As expected for months, Blockbuster has entered Chapter 11 bankruptcy in the U.S., and its equivalent in several other countries. Blockbuster says that its 3,000 U.S. stores will continue to operate as usual during the bankruptcy (but that's probably not true--see below). In addition, its video kiosk business is owned by NCR and isn't part of the bankruptcy.
Blockbuster has asked the Bankruptcy Court to allow it to give the movie studios and distributors that supply it with 80% of its revenues priority for repayment, so that they don't cut off the company's ongoing supply of content. Senior bondholders, including Carl Icahn, who bought approximately one-third of the company's bonds as of September 17th, will be compensated with common stock after the company is reorganized and will effectively own the company. Other creditors and shareholders, with the exception of the movie studios and distributors, will be wiped out by the bankruptcy.
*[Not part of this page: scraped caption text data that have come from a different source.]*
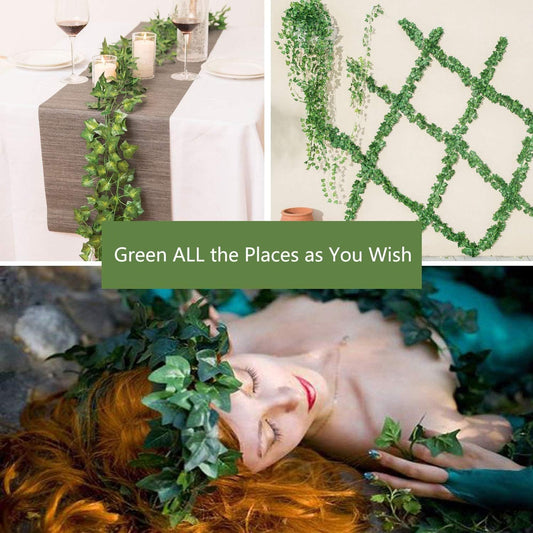 48 Pack Fake Vines for Room Decor Artificial Ivy Garland with Clip Green Flowers Hanging Plants Faux Greenery V1259-DP01-A-2924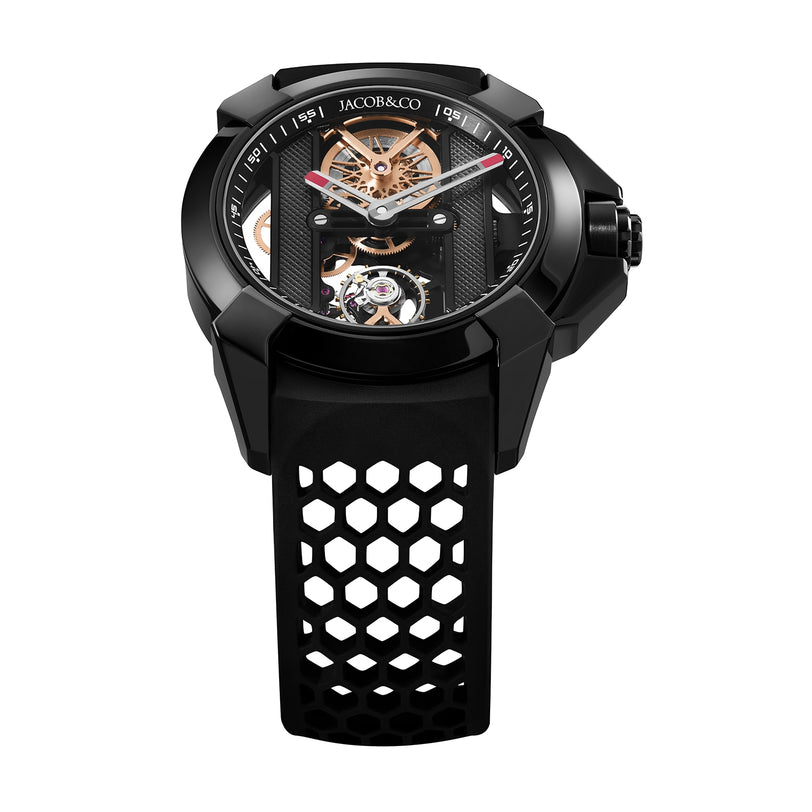 The Jacob & Co. Epic X DLC is a black watch featuring visible gears and a hexagonal-patterned strap.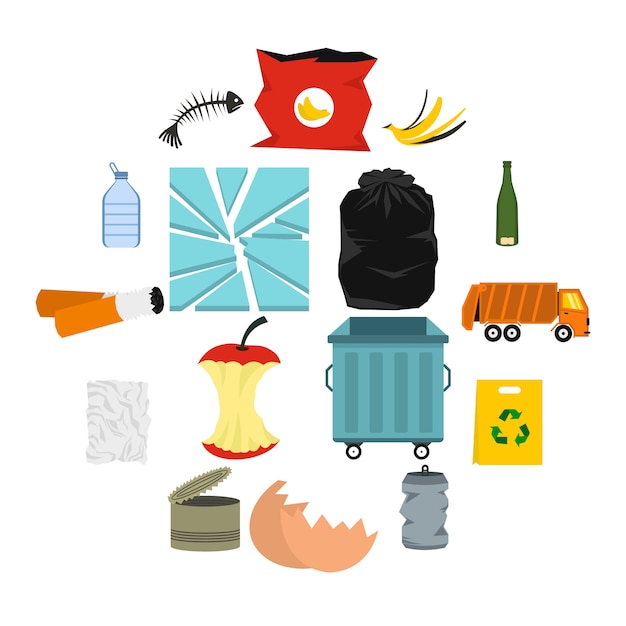 Afval en afval iconen set, vlakke stijl Premium Vector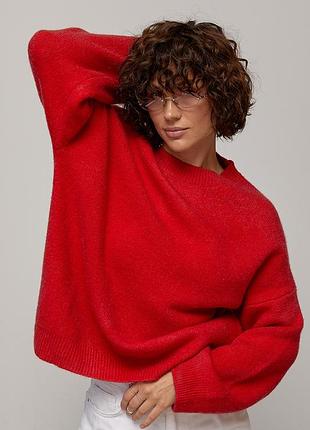 Подовжений в’язаний джемпер oversize - червоний цвет, one size (є розміри)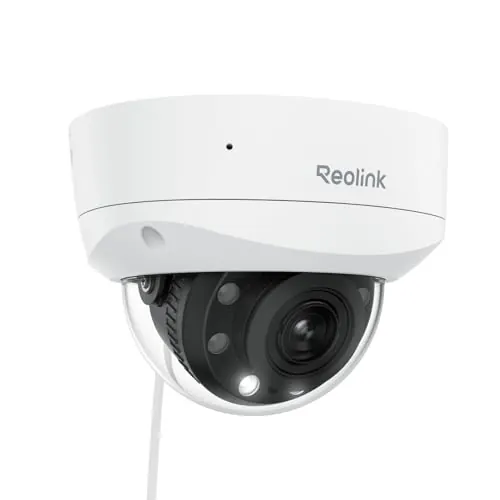 Reolink Cámara 4K PoE para Exteriores, Zoom óptico 5X, antivandálica IK10, Audio bidireccional, focos de visión Nocturna en Color, detección de Personas/vehículos/Animales, lapso de Tiempo, RLC-843A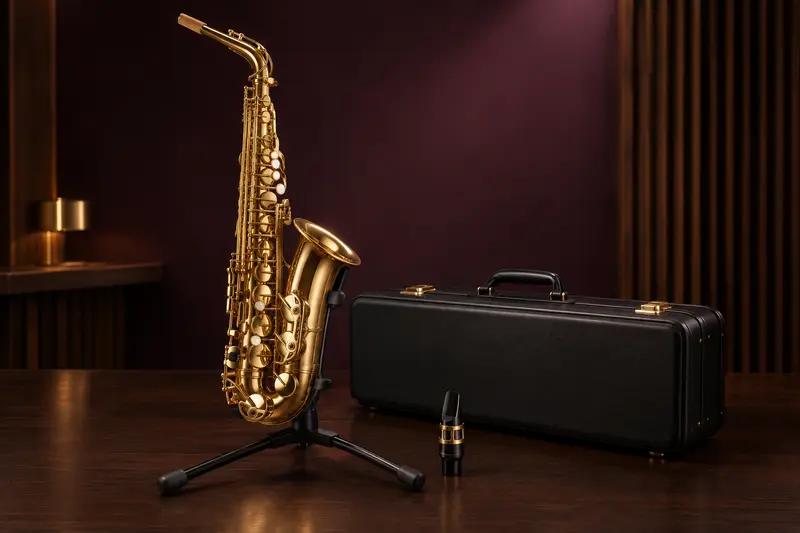 Saxophone alto doré sur support avec étui et bec à proximité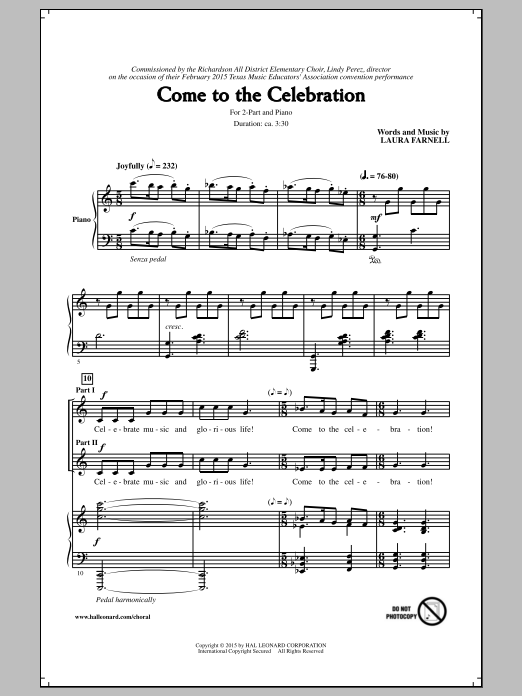 Download Laura Farnell Come To The Celebration Sheet Music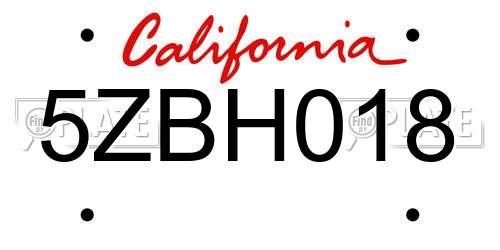 5ZBH018 California License Plate
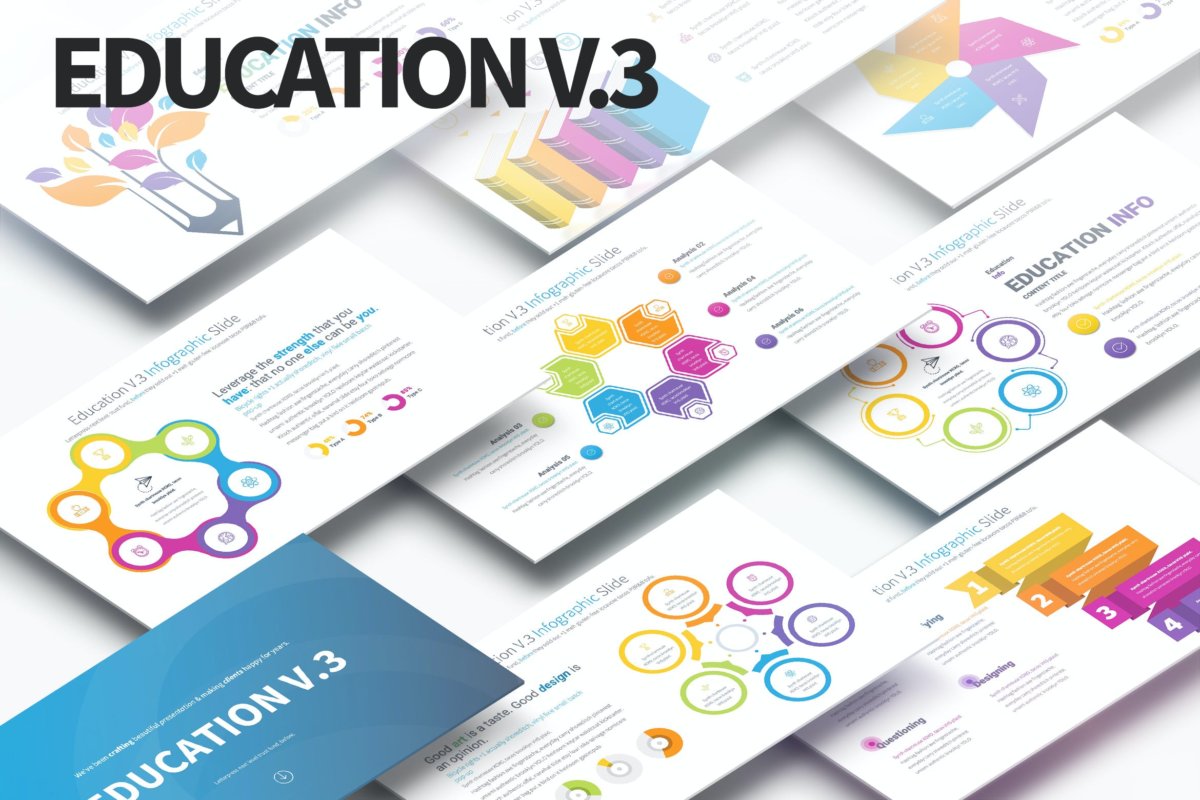 现代创意多功能图文排版设计ppt模板 Education V.3 - PowerPoint Infographics Slides_img_2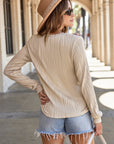 Ariana Texture Drop Shoulder Long Sleeve Top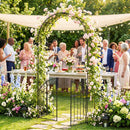 Metal Garden Arch with Gate and Safety Latch - 79" H by DirectDeals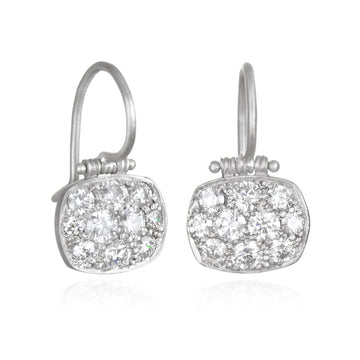 Platinum Micro Pave Diamond Chiclet Earrings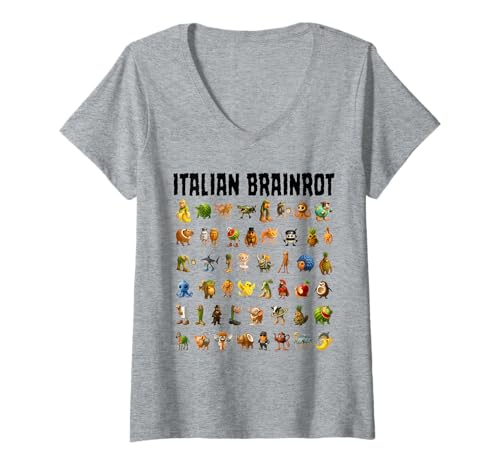 Damen Italienisches Brainrot Gen-Z-Meme Lustiges Brain Rot Alle Charaktere T-Shirt mit V-Ausschnitt Damen Italienisches Brainrot Gen-Z-Meme Lustiges Brain Rot Alle Charaktere T-Shirt mit V-Ausschnitt von Italian Brainrot Gen-Z Meme Funny Brain Rot Boys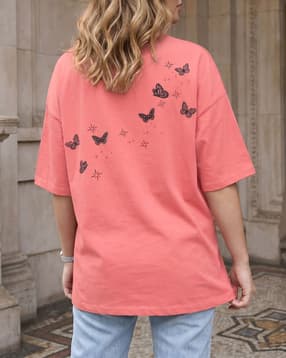 Shein Drop Shoulder Butterfly Back Print Crew Tshirt-picture-49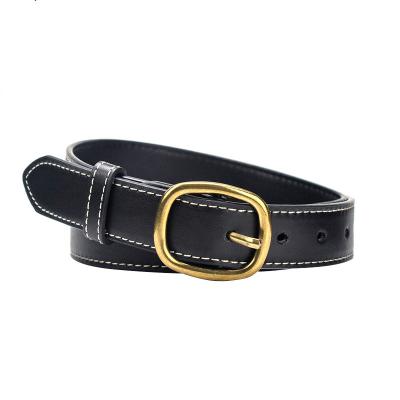 China Korean Women's All-match Belt Retro Trend Black Round PU Pin Buckle Casual Belt RS283 for sale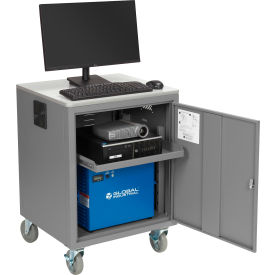 Global Industrial 241659PGY Global Industrial™ Mobile Powered Audio Visual Cart w/ Lockable Cabinet, 100AH Battery, Gray image.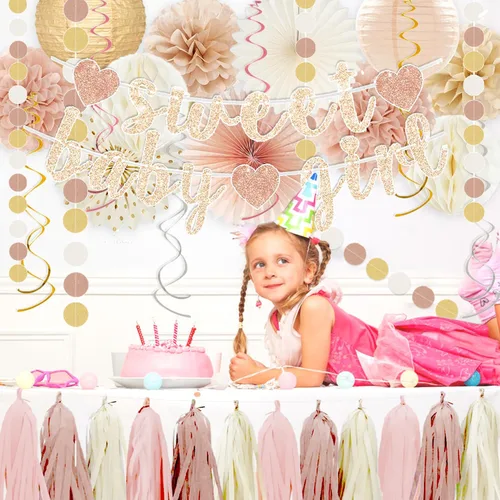 Miniatura 7 de Conjunto de decoraciones para baby shower de otoño en tonos champán-dorado y beige - Dulce cartel de Baby Girl, linternas de papel blanco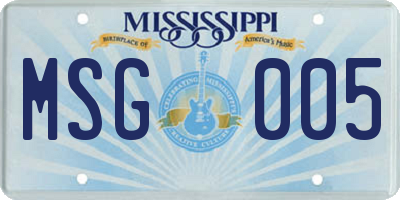 MS license plate MSG005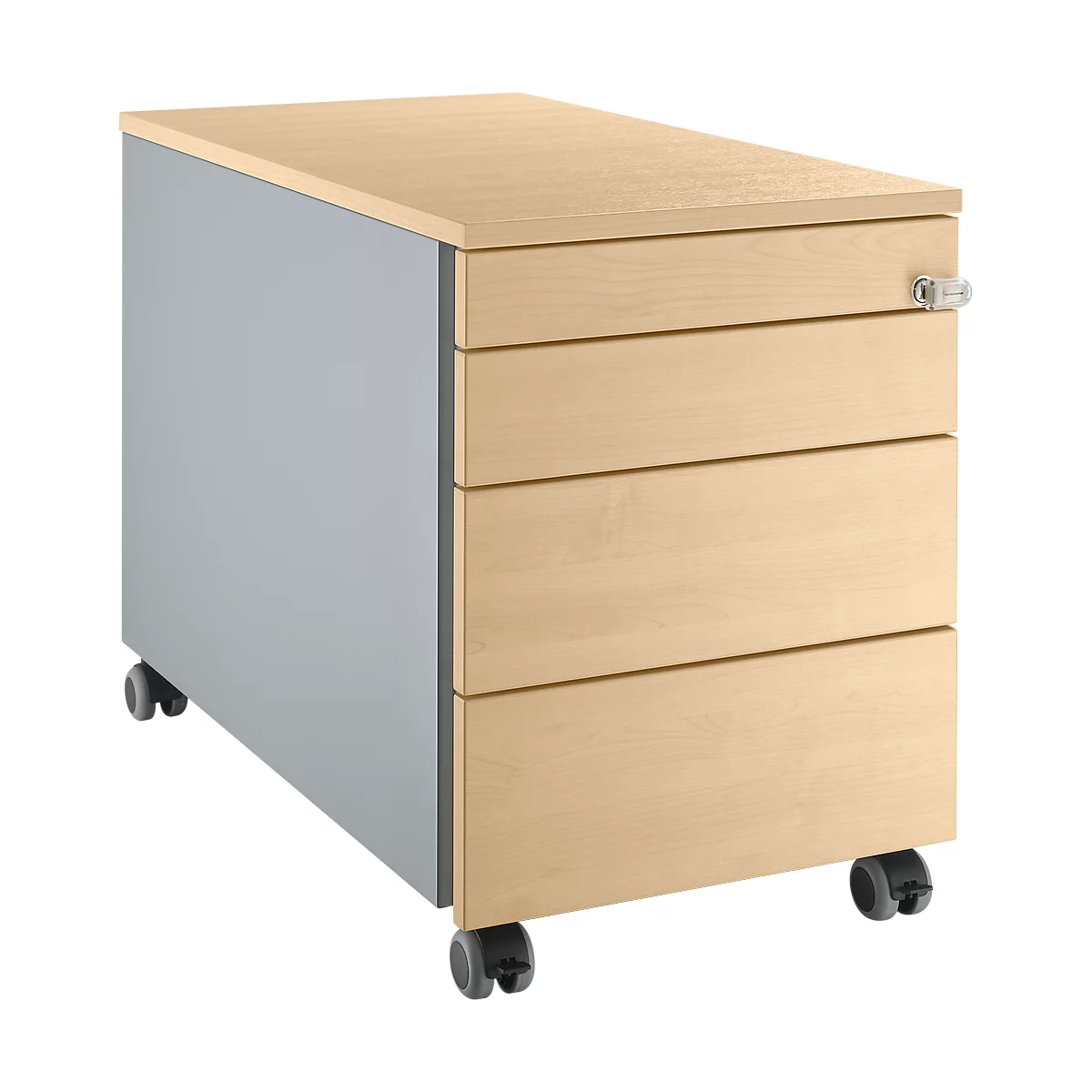Mobiler Holzschrank mit vier Schubladen auf Rollen. Graue Seitenwand, helles Holz, silberfarbenes Schloss.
Blockbuster will most likely use the bankruptcy to cancel the leases, layoff the employees and close many of its more poorly-performing stores. It will also use the bankruptcy to renegotiate leases for other locations, and possibly lower or eliminate some benefits and pensions. The company's hope is that by wiping out its debt and lowering its operating costs, it will be able to compete more effectively with Netflix and Redbox. However, given how far behind those two companies it is, it's hard to see how Blockbuster can catch up.